“Les distributeurs gagnent leur vie mais on oublie souvent les agroindustriels qui se pensent incontournables”

“Nous avons enregistré une croissance jusqu’en 2009, où on s’est ramassé une belle raclée”, se souvient Bernard Bartholomé, agriculteur et gestionnaire de la ferme du Tambourin à Rebecq. Agriculteur depuis les années 90, celui-ci a travaillé avec de nombreux distributeurs belges afin de vendre ses produits laitiers.

Trends Tendances : Quel est votre regard sur la crise agricole d’aujourd’hui ?

Bernard Bartholomé : Le monde agricole souffre déjà depuis très longtemps. Les agriculteurs sont des gens très résilients. Aujourd’hui, on ressent un certain désespoir et un désarroi et pas seulement au niveau agricole. Le combat n’est pas seulement belge, il est européen, voire peut être même mondial. Le problème c’est qu’on nous impose énormément de normes qualitatives, environnementales et autres. A juste titre, parce qu’on parle de sécurité alimentaire mais je pense qu’en Europe, on lave plus blanc que blanc. D’un côté on impose des normes aux producteurs et de l’autre on importe des produits qui ne répondent pas aux mêmes critères.

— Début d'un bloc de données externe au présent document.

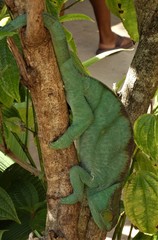 Calumma parsonii parsonii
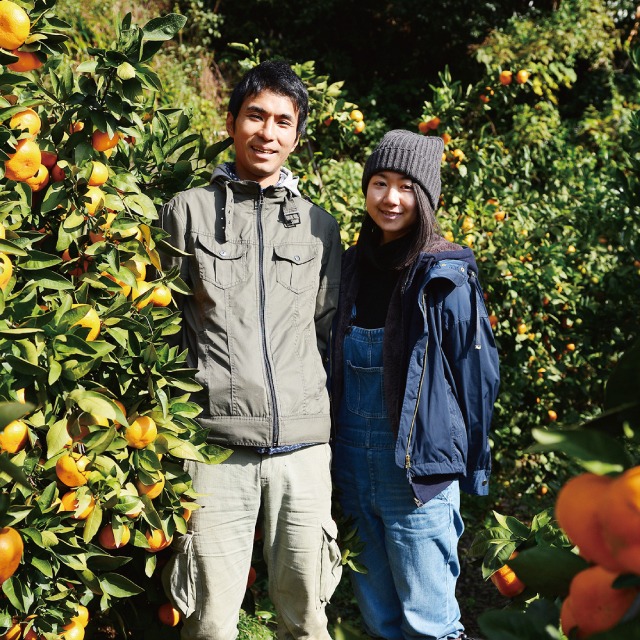 2026/1/1予約販売開始【5kg×2箱まとめて一括り1個口発送】蔵出し熟成みかん5kg×2箱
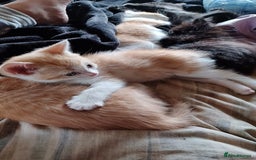Mixed Breed cats for sale: Litter of kittens - Image 4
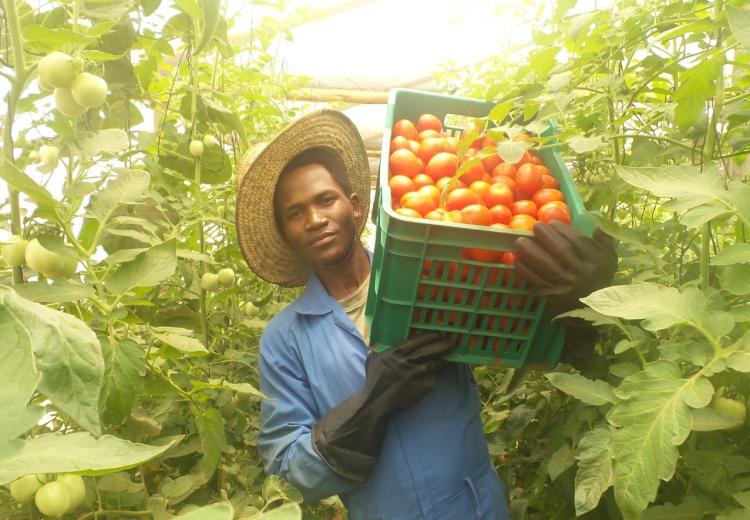 Harvesting Season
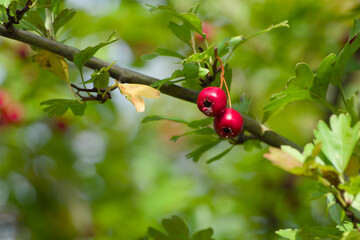 two red hawthorn berries on a twig close-up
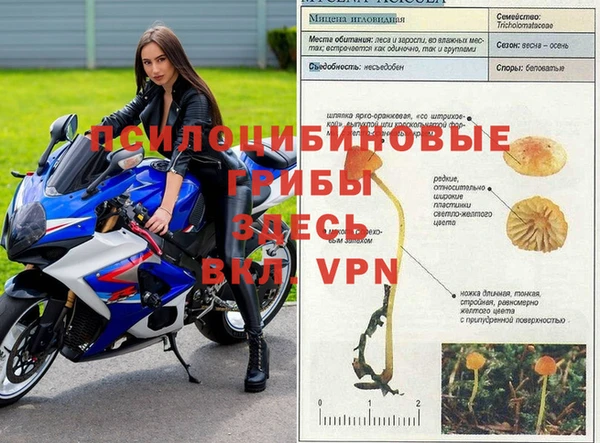 эйфоретик Лабытнанги
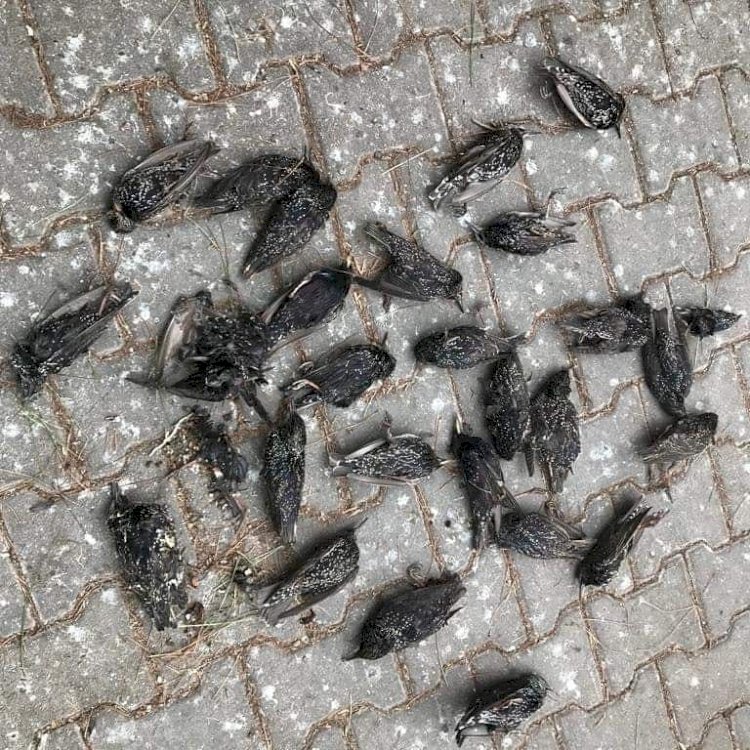 Nizip'te Sığırcık Kuşların esrarengiz ölümü 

Trends Tendances : Les distributeurs sont accusés de mettre la pression sur les prix, vous avez également ce sentiment ?

Bernard Bartholomé : J’ai travaillé avec de nombreux distributeurs belges et même si toutes les collaborations ne se sont pas poursuivies, je n’ai aucun reproche à leurs faire. Lors de la crise de 2009, ce qui m’a particulièrement frappé, c’était de voir la différence de marges des acteurs de la chaine alimentaire. Certes, les distributeurs gagnent leur vie, mais on oublie souvent les industriels et surtout les gros industriels qui n’hésitent pas à prendre leur part parce qu’ils sont incontournables.

“Pour travailler avec un distributeur il faut un produit différenciant. Avec un produit standard vous êtes en concurrence avec des industriels.”

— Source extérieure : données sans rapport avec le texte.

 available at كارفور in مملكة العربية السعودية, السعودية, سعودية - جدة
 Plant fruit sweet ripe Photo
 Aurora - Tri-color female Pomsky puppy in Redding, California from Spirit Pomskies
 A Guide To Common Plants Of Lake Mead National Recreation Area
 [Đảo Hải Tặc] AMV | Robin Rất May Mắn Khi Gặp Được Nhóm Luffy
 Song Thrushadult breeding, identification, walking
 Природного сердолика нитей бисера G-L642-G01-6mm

Trends Tendances : C’est pour cela que vous avez décidé de produire vous-même vos produits ?

Bernard Bartholomé : Pour moi chaque crise est l’occasion de se remettre en question. C’est pourquoi nous avons décidé de mettre en place le projet de la Ferme du Tambourin et de transformer notre lait en produit fini. On évite alors un intermédiaire et on passe en direct vers le distributeur par les produits locaux.

Trends Tendances : Comment se déroulent les négociations de prix ?

Bernard Bartholomé : De manière assez classique, on discute du prix entre nous mais je n’ai pas de mal à démontrer que mes coûts ont augmentés et le distributeur le comprends. Avoir repris la partie commerciale en main facilite vraiment les choses.

Trends Tendances : Vous êtes également passés au bio grâce au soutien de Carrefour ?

Bernard Bartholomé : Oui et je suis d’ailleurs convaincu que c’est cette conversion qui va sauver le projet. Il y a énormément d’intrants comme les engrais dans les cultures conventionnelles et ce sont des industriels qui ont la main sur le marché, il y a donc très peu de négociation. Et quand ces derniers indexent leurs prix, peu leur importe de savoir si vous pouvez suivre. Être passer au bio me permet d’éviter ces coûts supplémentaires.

Trends Tendances : Quels conseils donneriez-vous à un producteur qui souhaite se lancer dans une collaboration commerciale ?

Bernard Bartholomé : Si vous souhaitez travailler avec un distributeur il faut un produit différenciant. Avec un produit standard vous êtes en concurrence avec des industriels qui ont des capacités de productions et des coûts différents des vôtres.